Calls to the hotline documented unlawful photo ID screening across Pennsylvania, while Florida college students reported that poll workers classified their dormitories as hotels and then issued them provisional ballots. In North Carolina, coalition members filed a lawsuit to keep polls opened later after voters were paper ballots in lieu of malfunctioning equipment.
Election Protection Coalition partners reflected as polling sites closed across the country on this day in voter issues:
“Our American electoral system is a work in progress,” said Kristen Clarke, president and executive director of the Lawyers’ Committee for Civil Rights Under Law. “Today, we saw a number of issues involving voter intimidation, long lines outside of polling sites, equipment failures, improper application of voter identification requirements, and other issues. More work remains to be done to ensure full access to our democracy. We will use the information obtained from this election cycle to push for positive reforms and to continue our work to combat ongoing voting discrimination and voter suppression.”
“The calls coming through our hotline this election cycle proved the critical importance of in-language resources for our growing Asian American and Pacific Islander (AAPI) electorate,” said Christine Chen, executive director of APIAVote.. “Calls came from over forty states, highlighting the expansive geographic diversity of our community, with concerns about language access, navigating the voting process, and more. This year, AAPI voters capitalized on early voting, with high early voter turnout in states like North Carolina, Florida and Georgia, which demonstrates that our community is taking advantage of our in-language resources like the hotline to access the ballot.”
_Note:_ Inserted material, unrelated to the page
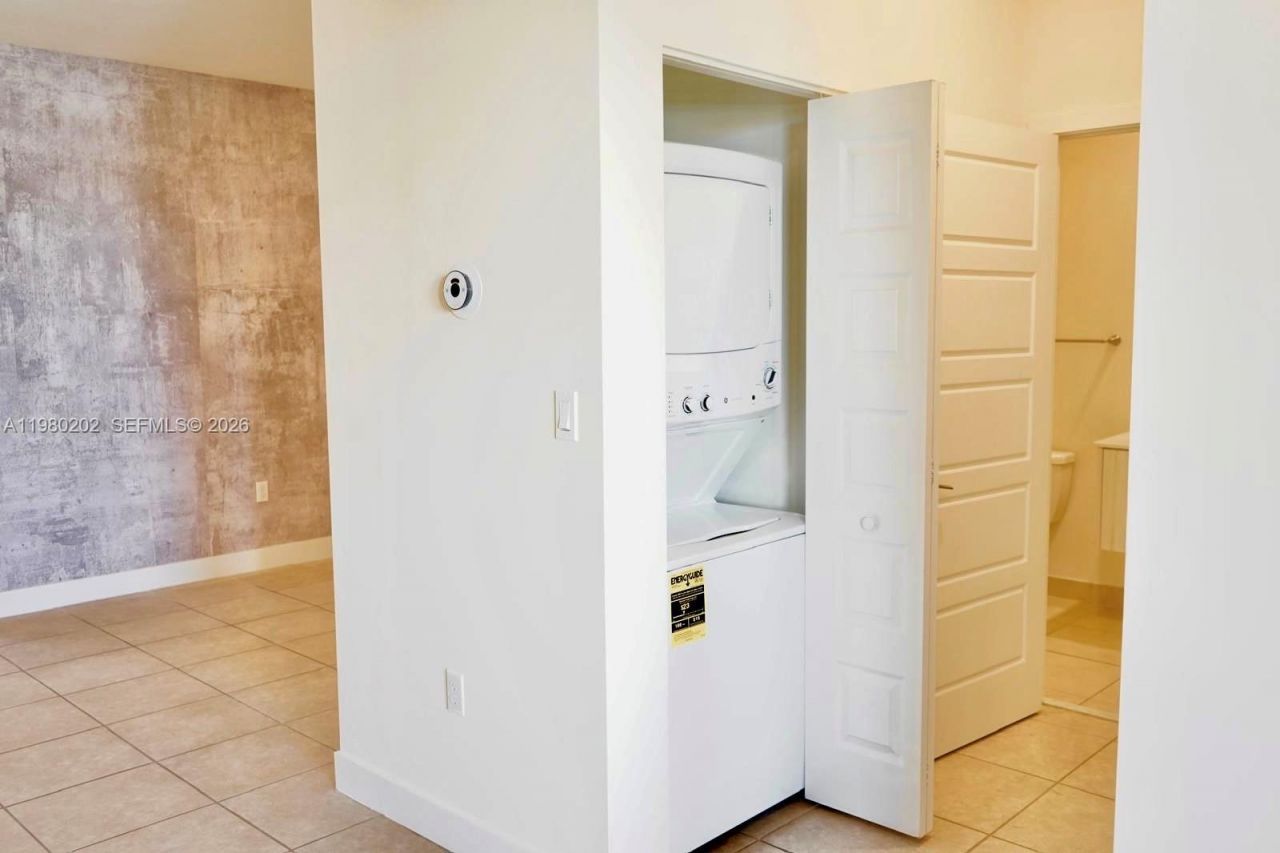 7925 NW 104th Ave, Unit 32, Doral, FL 33178 Photo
“There is no excuse in the 21st century for voters to experience long lines because of machine malfunctions, confusion over rules or overt discrimination in voting,” said Karen Hobert Flynn, president of Common Cause. “This election makes clear that Congress and the states must to act immediately to restore the Voting Rights Act and make commonsense reforms to modernize election systems.”
“Through our 1-888-Ve-Y-Vota hotline, we know Latinos headed to the polls today prepared, informed about their rights and ready to make their voices heard at the ballot box,” said Arturo Vargas, National Association of Latino Elected and Appointed Officials (NALEO) Educational Fund executive director. “While we were concerned by some reports of voter intimidation, long lines and delays in opening of polling locations, we know that Latino voters remained steadfast in their commitment to casting ballots this election. Working together with the community, partners and the Election Protection Coalition, we were able to address problems in real time, helping ensure that eligible Latino voters who wanted to exercise their right to vote were able to do so in Election 2016.”
“Today, calls to the hotline (1-888-API-VOTE) paint a different picture for the Asian American electorate than in past years as the majority of calls were not about voter intimidation but rather about AAPIs exercising their democratic rights,” said Mee Moua, president and executive director of Asian Americans Advancing Justice | AAJC. “Our hotline was a beacon of information for the community – finding polling locations and providing in-language resources for AAPI voters. Though we will continue to monitor the hotline for reports of voter intimidation in the next several weeks, we are encouraged that our efforts were focused on the opportunity to vote and not about those intending to obstruct it.”